### Work item
Only one stretch of the data below is wanted: the lines from the one with "W-2 Tax Forms" through the one with "Blusa feminina sem", repeated exactly.

*** Opening of The records ***

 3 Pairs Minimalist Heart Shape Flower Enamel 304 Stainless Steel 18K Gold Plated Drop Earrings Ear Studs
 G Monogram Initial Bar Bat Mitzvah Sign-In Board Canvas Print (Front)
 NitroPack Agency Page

*** Close of The records ***
*** Opening of The records ***

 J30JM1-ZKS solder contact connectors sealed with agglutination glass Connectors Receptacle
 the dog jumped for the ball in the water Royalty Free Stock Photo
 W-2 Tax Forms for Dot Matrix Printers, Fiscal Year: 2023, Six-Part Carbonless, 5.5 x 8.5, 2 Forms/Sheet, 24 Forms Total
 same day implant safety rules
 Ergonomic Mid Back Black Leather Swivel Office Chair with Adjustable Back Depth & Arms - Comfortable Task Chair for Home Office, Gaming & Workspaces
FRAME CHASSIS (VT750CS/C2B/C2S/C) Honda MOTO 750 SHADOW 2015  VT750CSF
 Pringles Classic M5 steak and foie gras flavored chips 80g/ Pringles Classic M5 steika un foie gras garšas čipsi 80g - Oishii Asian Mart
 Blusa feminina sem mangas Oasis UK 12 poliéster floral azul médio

*** Close of The records ***

### Answer box
 W-2 Tax Forms for Dot Matrix Printers, Fiscal Year: 2023, Six-Part Carbonless, 5.5 x 8.5, 2 Forms/Sheet, 24 Forms Total
 same day implant safety rules
 Ergonomic Mid Back Black Leather Swivel Office Chair with Adjustable Back Depth & Arms - Comfortable Task Chair for Home Office, Gaming & Workspaces
FRAME CHASSIS (VT750CS/C2B/C2S/C) Honda MOTO 750 SHADOW 2015  VT750CSF
 Pringles Classic M5 steak and foie gras flavored chips 80g/ Pringles Classic M5 steika un foie gras garšas čipsi 80g - Oishii Asian Mart
 Blusa feminina sem mangas Oasis UK 12 poliéster floral azul médio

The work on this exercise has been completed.